◆ Assigned task ◆
Pictures appear among the records below and must be omitted. Repeat exactly the lines from the line with "Gift Mouse Flat Cheap Wireless Mouse" to the line with "Revlon Professional Re/Start", both included.

◆ Data to examine ◆
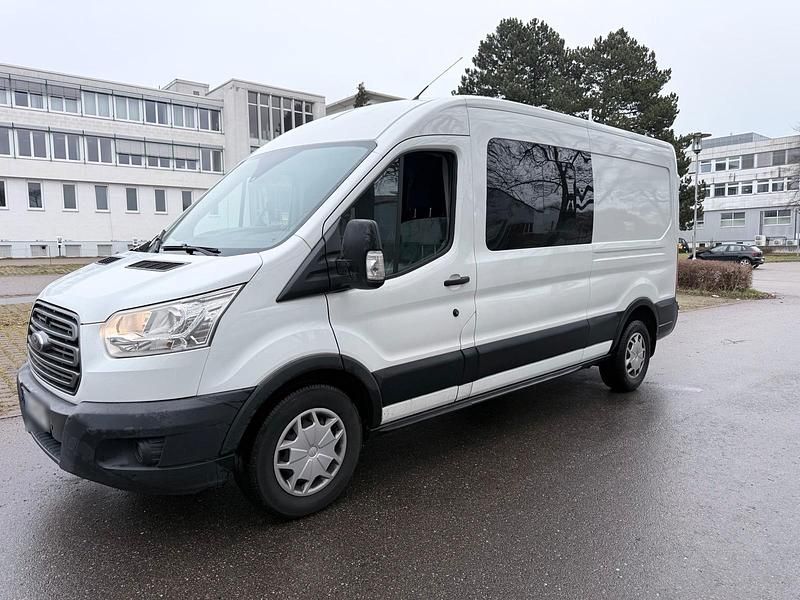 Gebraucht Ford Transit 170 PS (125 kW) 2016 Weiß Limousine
* * *
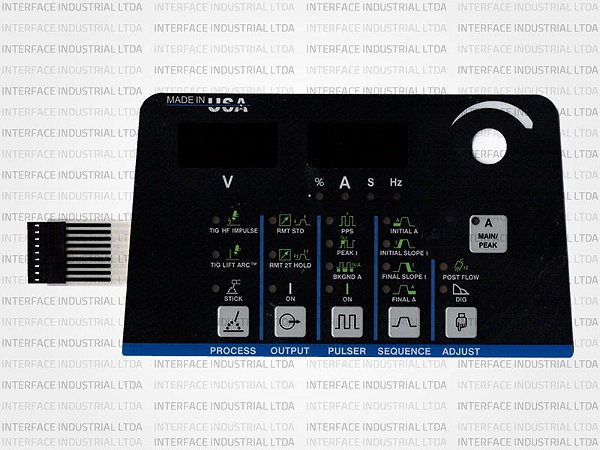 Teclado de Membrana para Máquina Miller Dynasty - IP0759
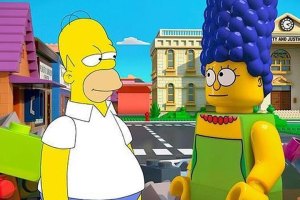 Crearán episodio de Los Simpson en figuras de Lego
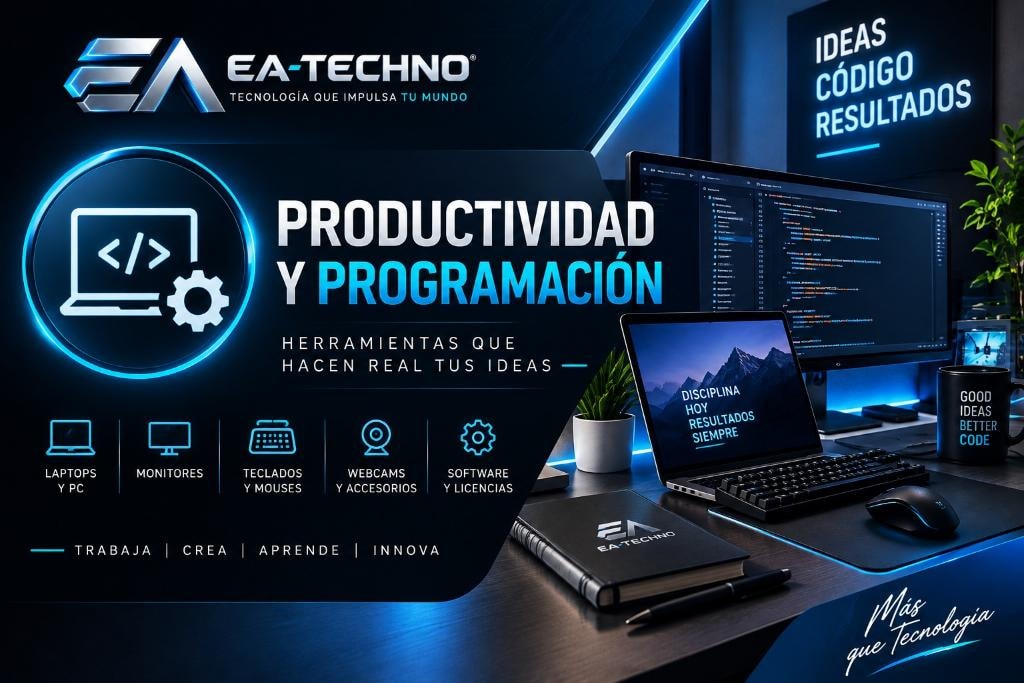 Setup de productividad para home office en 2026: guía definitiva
--
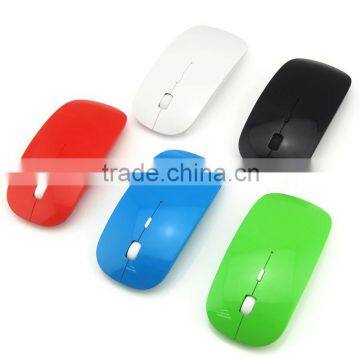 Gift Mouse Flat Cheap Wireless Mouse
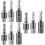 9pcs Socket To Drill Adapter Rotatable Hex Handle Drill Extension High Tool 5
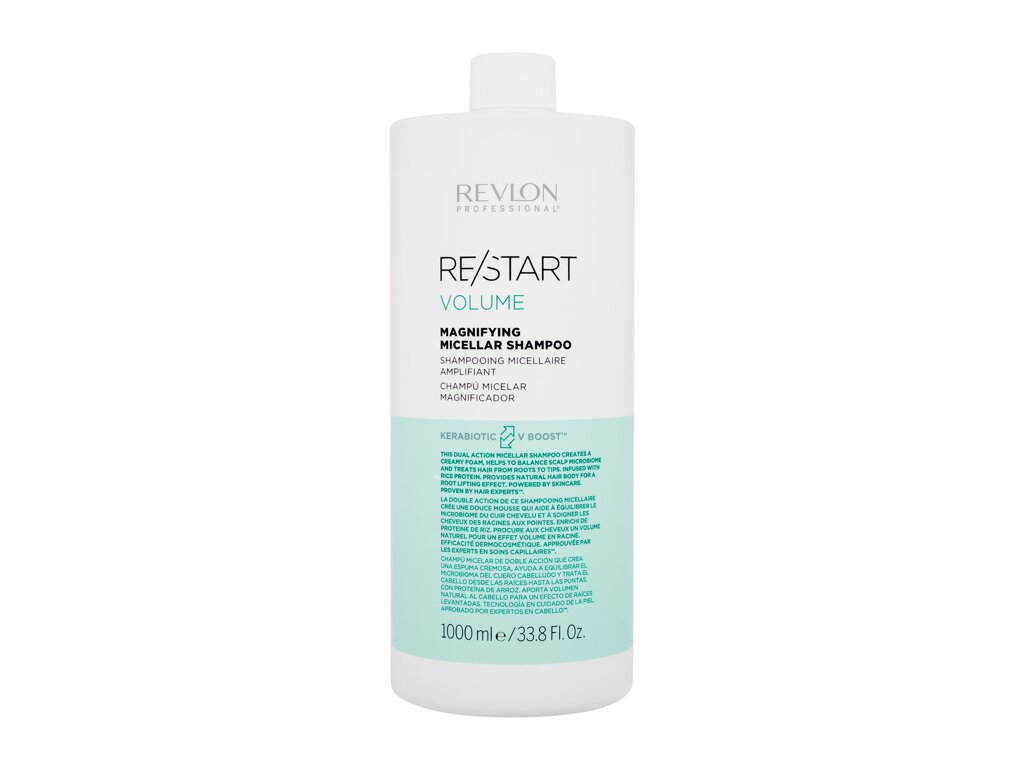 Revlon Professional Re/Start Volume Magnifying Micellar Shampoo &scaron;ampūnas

◆ Solution to this task ◆
 Gift Mouse Flat Cheap Wireless Mouse
 9pcs Socket To Drill Adapter Rotatable Hex Handle Drill Extension High Tool 5
 Revlon Professional Re/Start Volume Magnifying Micellar Shampoo &scaron;ampūnas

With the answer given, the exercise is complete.